Landlord's 'curry smell' letting ban unlawful

Image caption,
Fergus Wilson has almost 1,000 buy-to-let properties in Kent

A buy-to-let tycoon who banned Indian and Pakistani tenants "because of the curry smell" has been ordered to ditch the policy.

Landlord Fergus Wilson, who owns hundreds of properties in Kent, denied being racist and told a court he rents to a number of non-white people.

An injunction against the policy was granted at Maidstone County Court.

The Equality and Human Rights Commission (EHRC), which brought the action, said his remarks were unlawful.

Proceedings began after an email from Mr Wilson to his lettings agency, asking to ban "coloured" people from renting his homes, was leaked to The Sun newspaper.

'Political correctness gone mad'

Defending himself at the hearing, Mr Wilson said the decision not to rent was made on economic grounds and not based on the colour of people's skin.

He described the remarks in his e-mail as "adolescent banter".

Mr Wilson, one of the country's biggest buy-to-let landlords, insisted he was not racist, and has a number of non-white tenants in properties.

Judge Richard Polden rejected Mr Wilson's assertion that he had been joking.

He said: "I find that this policy clearly amounts to discrimination. I find that the policy is unlawful."

The injunction was granted for three years and orders that Mr Wilson cannot apply a lettings policy stopping Indian or Pakistani people renting his properties.

Image caption,
Fergus Wilson described his remarks as "adolescent banter"

During the hearing, Mr Wilson described the case as "political correctness gone mad" which could have a devastating effect on the lettings industry.

Speaking to BBC Asian Network earlier this year, Mr Wilson said a property he had bought from an Indian couple cost him about £12,000 because the curry smell became a "massive problem".

In the past, Mr Wilson evicted all 200 of his housing benefit tenants, saying he would rather have "migrants as tenants than people on benefits".

'Abhorrent conduct'

Mr Wilson has insisted his motivation in enforcing the ban was to avoid financial risk.

Speaking after the hearing, he maintained there was a "problem" with people "cooking curries" in their homes.

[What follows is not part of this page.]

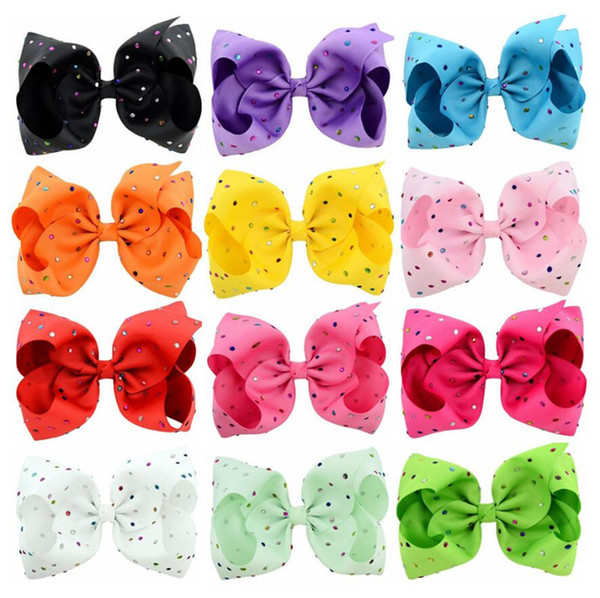 8 Inch JoJo Siwa Bow Hairpin Kids Bowknot Hairpins Diamond Dot Girl Large Bowknot Barrette Colorful Bow Floral Hair Clip Accessories A32705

"It gets into the carpets, it gets into the walls. You'll find that most landlords think the same. I'm here because I said it."

EHRC chief executive Rebecca Hilsenrath said: "Denial of a home on the grounds of race or colour is abhorrent conduct we do not accept in today's society.

"There are still deep inequalities in our country, as our race report earlier this year demonstrated, and sadly some of the causes of those inequalities were illustrated by Mr Wilson's comments over the summer.

"Today takes us one step closer to a more equal Britain."